Hun rouw is geen verhaal; het beweegt door hun dag heen: in hoe ze spelen, vragen, vasthouden, of stil worden. En soms denk ik dat wij, volwassenen, daar iets van kunnen leren.
De eerste keer dat we op hem zouden passen, zei hij tegen zijn moeder dat hij óók op ons zou passen. Alsof hij al aanvoelde dat er iets kwetsbaars in ons leefde. Later, heel vanzelfsprekend, vertelde hij dat we met z’n allen met het vliegtuig op vakantie moesten gaan. “Want Fleure woont bij de sterren,” zei hij. “Dan kunnen we haar bezoeken. Of terughalen, want Eric en Marit zijn zo verdrietig. En anders kan ik haar mijn tekening geven.” Mijn hart brak en heelde tegelijk.
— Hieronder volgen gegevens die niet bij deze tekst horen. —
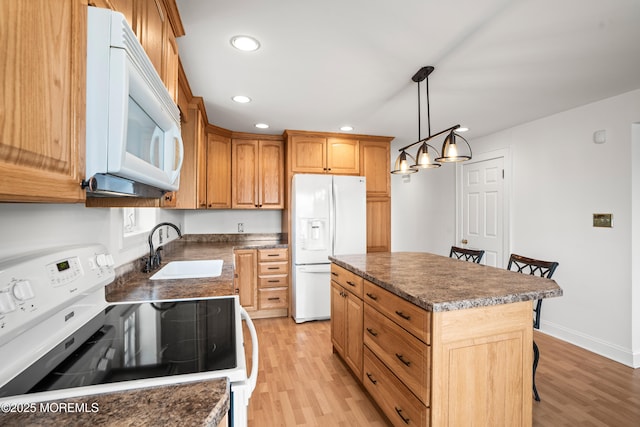 kitchen with light wood-type flooring, white appliances, dark countertops, and a sink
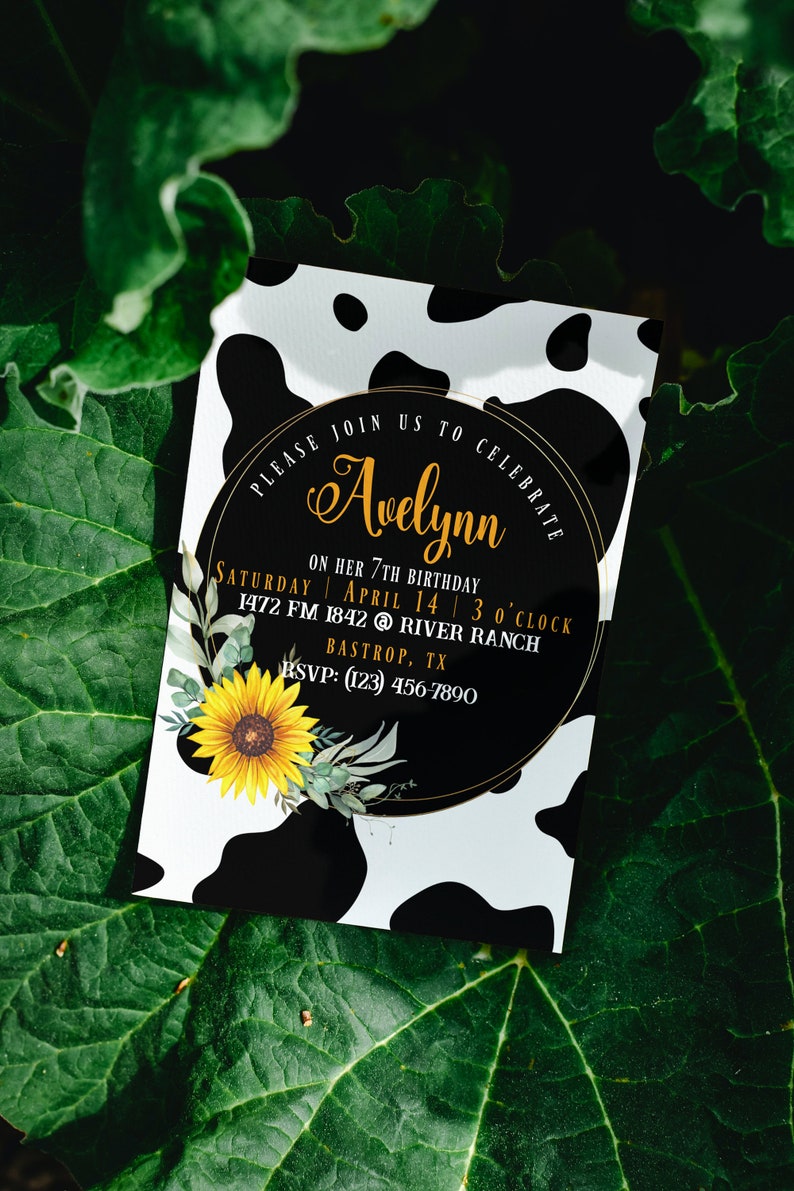 May include: A birthday party invitation with a cow print background. The invitation features a black circle with gold text that reads "Please join us to celebrate Avelynn." A sunflower and greenery are on the bottom left. The invitation is for a 7th birthday.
Vaak verlang ik ernaar om een beetje van zijn kinderlogica te mogen lenen. Die vrije manier van denken, waarin de afstand tussen hier en de sterren gewoon te overbruggen valt. Om weer te kunnen geloven dat een vliegtuig ons werkelijk dichter bij Fleure kan brengen. Dat als ik maar hard genoeg verlang, ik haar even zou kunnen aanraken tussen de sterren. Misschien moet ik gewoon weer durven dromen zoals toen ik zelf klein was en piloot worden nog het antwoord op alles leek. Want als ik eerlijk ben, is dat precies wat ik voortdurend probeer: een weg zoeken om dichtbij Fleure te zijn. En hij, met zijn open hart, lijkt die waarheid beter te begrijpen dan wij allemaal. Want rouwen is precies dat: manieren zoeken om dichtbij te blijven, al is het maar in gedachten.
Dus als je iets voor me wilt doen, koop dan een vliegtuig voor me of een luchtballon. Of geef me een bellenblaas, zodat ik bellen kan sturen die als je heel goed kijkt opstijgen tot ver boven de wolken. Bellen die misschien wel bij Fleure aankomen. Ons neefje doet het ook. Hij blaast ze omhoog en roept: “Allemaal voor Fleure.” En ik geloof hem. Kinderen liegen niet over dit soort dingen.
En als hij dan weer naar huis gaat, realiseer ik me wat zijn aanwezigheid achterlaat. Het hart van een kind kan de kilste kamer warm maken. En als die warmte wegtrekt keert ook de stilte terug. Maar ergens daarin, tussen die stilte en die warmte, daar leeft Fleure. En dat weet hij, niet met woorden maar met het tedere hart van een kind. Misschien wel puurder dan wij ooit nog kunnen.



Eric wat heb je dit weer ontroerend mooi geschreven. Ook met de " feest" dagen voor de deur wens ik jullie sterkte.